# Uber Driver Drops Off Passengers At Airport, Returns To Home To Burgle Them, Police Say



## Leeda.the.Paladin (Apr 9, 2019)

April 9, 2019 at 1:10 AM EDT - Updated April 9 at 1:10 AM 
SAN MATEO, CA (KGO/CNN) - An Uber driver was arrested after police say he tried to burgle his passengers before being scared off by an alarm then ransacked another home in the same area.

Police say Uber driver Jackie Wilson dropped off a couple Thursday at San Francisco International Airport. The couple had been staying at an Airbnb rental in San Mateo, CA.

Wilson then allegedly drove back to the location and attempted to burglarize it, but police say he was scared off by a security alarm and instead broke into a different house a few blocks away.

Scott and Chana, who didn’t want to share their identities, live in the house Wilson allegedly burgled.

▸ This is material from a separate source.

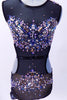 Black mesh leotard with open sides and back is lined with nude lycra in brief area. The costume is extensively covered with jewels, Swarovski crystals and metal studs along the bodice and hips.  Comes with metallic jewel hair accessory. Front  zoom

The couple says surveillance video from their Ring doorbell captured the suspect ransacking their home for four hours.







Police used information from the Uber app to track down driver and alleged burglar Jackie Wilson, who is accused of ransacking a California couple's home for four hours. (Source: San Mateo Police Department/CNN) 
"[He] tore apart the whole house, tossed everything. All the drawers were open and every piece of furniture moved. He opened my safe,” Scott said.

The video footage shows the intruder with stolen bags filled with Scott and Chana’s valuables.

"They’re from my grandmother and go back all the way to the Holocaust, so, if that's lost – to him, that was something to just pawn off, and to me, that's a memory of my grandmother,” Chana said.


After the couple shared the footage online, the owner of the Airbnb that Wilson allegedly attempted to burgle first identified the intruder as the Uber driver.


"He immediately contacted his tenants, who had just left within the hour and said, 'Do you know this guy?’ They said, ‘Yeah, that's our Uber driver,’” Scott said.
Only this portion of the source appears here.